The big winner in the election was Prime Minister Jean Chretien,
a political figure considered old hat by everyone except the
voters. The big loser was the Canadian Alliance's Stockwell Day,
a political figure considered fresh and exciting by everyone
except the voters. (I think the Alliance, a new party, chose an
unfortunate name, by the way. What would you call one of its
followers--an Alliance-ite?) There were two other candidates, both
of whom managed to do better than Ralph Nader without being
nearly as sanctimonious.
Canadian elections have historically been forums for debating
specific programs. That makes sense in a parliamentary system,
since the winner, having won by gaining a legislative majority,
has the power to turn his programs into law. If Canadians
weren't so polite, which goes along with being orderly, they
might point out that the detailed discussions American
presidential candidates engage in about programs are virtually
meaningless. Partly because of the separation of powers, the new
President almost never signs into law the programs he promised.
When you look at it that way, the only really important thing
about George W. Bush's Social Security plan was that he didn't
seem to understand it.
So did the Canadians discuss programs this time around? I am
happy to say that while the American candidates were exchanging
trumped-up numbers about the cost of prescription drugs,
Canadians, thanks to a CBC television program's campaign to
satirize the Alliansistas' belief in national referenda, were
gathering signatures for a referendum that would require
Stockwell Day to change his first name to Doris.

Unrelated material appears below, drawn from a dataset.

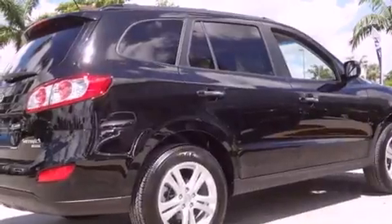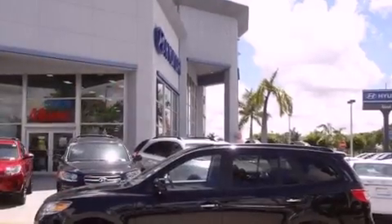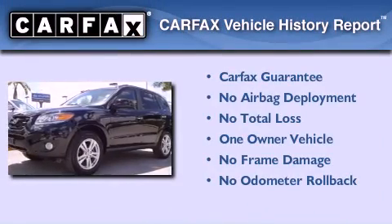With an EPA estimated rating of 28 miles per gallon on the highway, this automobile is clearly a fuel-efficient choice. This Hyundai has had only one owner, and it qualifies for the Carfax Buyback Guarantee.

So when you read all this commentary about how the winner of the
American presidential election will in some sense have lost,
think of Stockwell Day. If his party had triumphed, he could have
found himself named Doris Day, the television program's campaign
having drawn more than twice the number of signatures that
Alliance-ators had considered necessary to put an issue before
the people. Every time he rose in Parliament to make a speech,
some Liberal smart aleck would shout from the back benches, "Give
us a song, Doris!" This is a man who won by losing.